** Opening THE RECORDS block **

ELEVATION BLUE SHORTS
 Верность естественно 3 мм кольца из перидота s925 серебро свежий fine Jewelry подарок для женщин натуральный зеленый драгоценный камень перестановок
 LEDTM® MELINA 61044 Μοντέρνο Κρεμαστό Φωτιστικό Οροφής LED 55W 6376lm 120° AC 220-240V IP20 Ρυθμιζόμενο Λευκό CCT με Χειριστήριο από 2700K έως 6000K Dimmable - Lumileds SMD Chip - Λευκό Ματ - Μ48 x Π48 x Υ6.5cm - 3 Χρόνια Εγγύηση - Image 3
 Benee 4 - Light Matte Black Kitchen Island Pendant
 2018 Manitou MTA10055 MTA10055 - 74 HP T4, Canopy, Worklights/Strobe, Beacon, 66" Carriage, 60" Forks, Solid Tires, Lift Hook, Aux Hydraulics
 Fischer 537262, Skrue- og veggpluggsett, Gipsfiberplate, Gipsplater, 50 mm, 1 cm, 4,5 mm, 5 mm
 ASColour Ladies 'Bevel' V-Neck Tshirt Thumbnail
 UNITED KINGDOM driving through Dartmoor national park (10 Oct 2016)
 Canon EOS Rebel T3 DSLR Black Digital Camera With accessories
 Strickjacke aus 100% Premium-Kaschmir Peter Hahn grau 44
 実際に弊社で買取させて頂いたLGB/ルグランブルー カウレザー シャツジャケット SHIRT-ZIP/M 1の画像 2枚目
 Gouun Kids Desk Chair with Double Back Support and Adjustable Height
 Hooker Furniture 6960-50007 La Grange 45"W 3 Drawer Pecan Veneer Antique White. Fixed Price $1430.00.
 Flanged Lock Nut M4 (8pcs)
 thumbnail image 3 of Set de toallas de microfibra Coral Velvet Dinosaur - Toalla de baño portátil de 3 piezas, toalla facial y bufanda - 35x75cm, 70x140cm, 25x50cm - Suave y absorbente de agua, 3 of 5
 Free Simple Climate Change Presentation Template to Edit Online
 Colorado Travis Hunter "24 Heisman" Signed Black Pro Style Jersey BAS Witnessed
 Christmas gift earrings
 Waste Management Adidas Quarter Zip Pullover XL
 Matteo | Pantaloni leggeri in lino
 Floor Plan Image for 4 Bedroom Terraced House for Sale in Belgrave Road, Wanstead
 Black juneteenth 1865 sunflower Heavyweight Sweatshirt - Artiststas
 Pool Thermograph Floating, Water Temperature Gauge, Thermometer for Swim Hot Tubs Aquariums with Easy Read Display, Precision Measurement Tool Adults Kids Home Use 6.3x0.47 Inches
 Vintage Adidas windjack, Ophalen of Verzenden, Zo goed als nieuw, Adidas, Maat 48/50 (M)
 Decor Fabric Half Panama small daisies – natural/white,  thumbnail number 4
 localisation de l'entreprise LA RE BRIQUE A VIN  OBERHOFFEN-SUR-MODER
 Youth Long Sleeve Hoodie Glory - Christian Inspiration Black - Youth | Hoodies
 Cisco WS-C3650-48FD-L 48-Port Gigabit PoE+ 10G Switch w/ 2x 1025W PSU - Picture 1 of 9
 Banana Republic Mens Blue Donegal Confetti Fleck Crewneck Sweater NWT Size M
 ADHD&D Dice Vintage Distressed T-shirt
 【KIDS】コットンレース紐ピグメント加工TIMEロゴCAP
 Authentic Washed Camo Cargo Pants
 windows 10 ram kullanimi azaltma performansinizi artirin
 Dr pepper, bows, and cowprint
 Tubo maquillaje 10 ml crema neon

** Closing THE RECORDS block **

ACTION ITEM
Your answer must be the lines from the one with "Matteo | Pantaloni leggeri in lino" through the last line of the data, repeated exactly and with nothing else.

ANSWER TO THE EXERCISE
 Matteo | Pantaloni leggeri in lino
 Floor Plan Image for 4 Bedroom Terraced House for Sale in Belgrave Road, Wanstead
 Black juneteenth 1865 sunflower Heavyweight Sweatshirt - Artiststas
 Pool Thermograph Floating, Water Temperature Gauge, Thermometer for Swim Hot Tubs Aquariums with Easy Read Display, Precision Measurement Tool Adults Kids Home Use 6.3x0.47 Inches
 Vintage Adidas windjack, Ophalen of Verzenden, Zo goed als nieuw, Adidas, Maat 48/50 (M)
 Decor Fabric Half Panama small daisies – natural/white,  thumbnail number 4
 localisation de l'entreprise LA RE BRIQUE A VIN  OBERHOFFEN-SUR-MODER
 Youth Long Sleeve Hoodie Glory - Christian Inspiration Black - Youth | Hoodies
 Cisco WS-C3650-48FD-L 48-Port Gigabit PoE+ 10G Switch w/ 2x 1025W PSU - Picture 1 of 9
 Banana Republic Mens Blue Donegal Confetti Fleck Crewneck Sweater NWT Size M
 ADHD&D Dice Vintage Distressed T-shirt
 【KIDS】コットンレース紐ピグメント加工TIMEロゴCAP
 Authentic Washed Camo Cargo Pants
 windows 10 ram kullanimi azaltma performansinizi artirin
 Dr pepper, bows, and cowprint
 Tubo maquillaje 10 ml crema neon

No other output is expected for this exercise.